• [What needs to be done]: From the data underneath, reproduce exactly the stretch that begins at the line with "Bring trusted efficiency" and ends after the line with "So this nice".

• [Data for processing]:

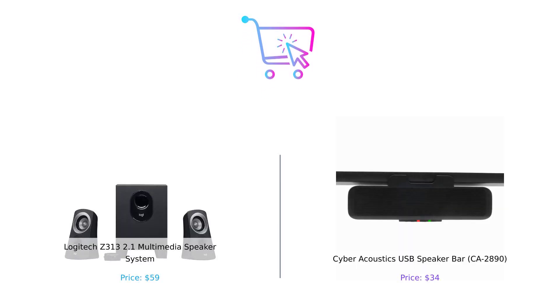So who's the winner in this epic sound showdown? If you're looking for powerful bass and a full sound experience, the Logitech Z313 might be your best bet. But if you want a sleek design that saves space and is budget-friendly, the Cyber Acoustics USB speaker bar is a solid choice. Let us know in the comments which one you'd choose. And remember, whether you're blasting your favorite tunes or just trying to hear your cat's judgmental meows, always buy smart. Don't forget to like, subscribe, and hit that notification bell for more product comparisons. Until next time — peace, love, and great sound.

==

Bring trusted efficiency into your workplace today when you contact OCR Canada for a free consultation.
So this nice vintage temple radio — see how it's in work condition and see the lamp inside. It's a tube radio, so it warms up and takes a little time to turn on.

...

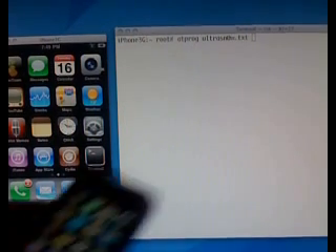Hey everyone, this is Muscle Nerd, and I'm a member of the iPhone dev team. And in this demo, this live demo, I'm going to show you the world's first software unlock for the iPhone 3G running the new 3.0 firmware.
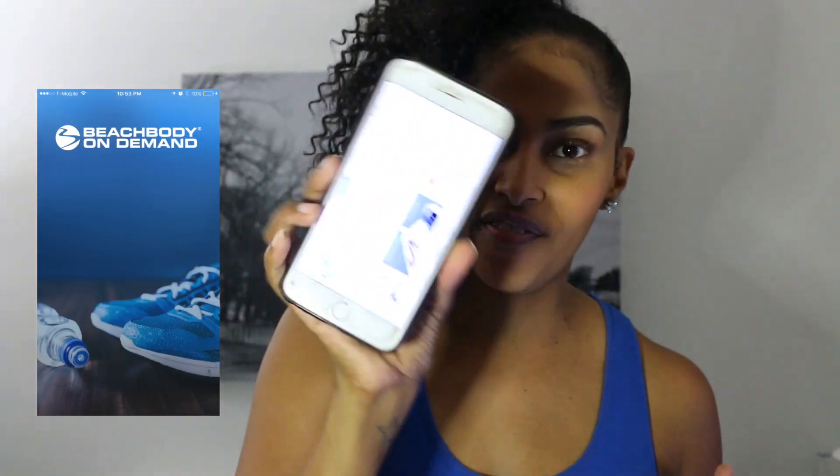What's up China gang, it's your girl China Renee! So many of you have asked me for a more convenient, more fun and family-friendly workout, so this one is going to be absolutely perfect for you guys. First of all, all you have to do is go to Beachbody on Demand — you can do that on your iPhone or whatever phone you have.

• [Result of this task]:
Bring trusted efficiency into your workplace today when you contact OCR Canada for a free consultation.
So this nice vintage temple radio — see how it's in work condition and see the lamp inside. It's a tube radio, so it warms up and takes a little time to turn on.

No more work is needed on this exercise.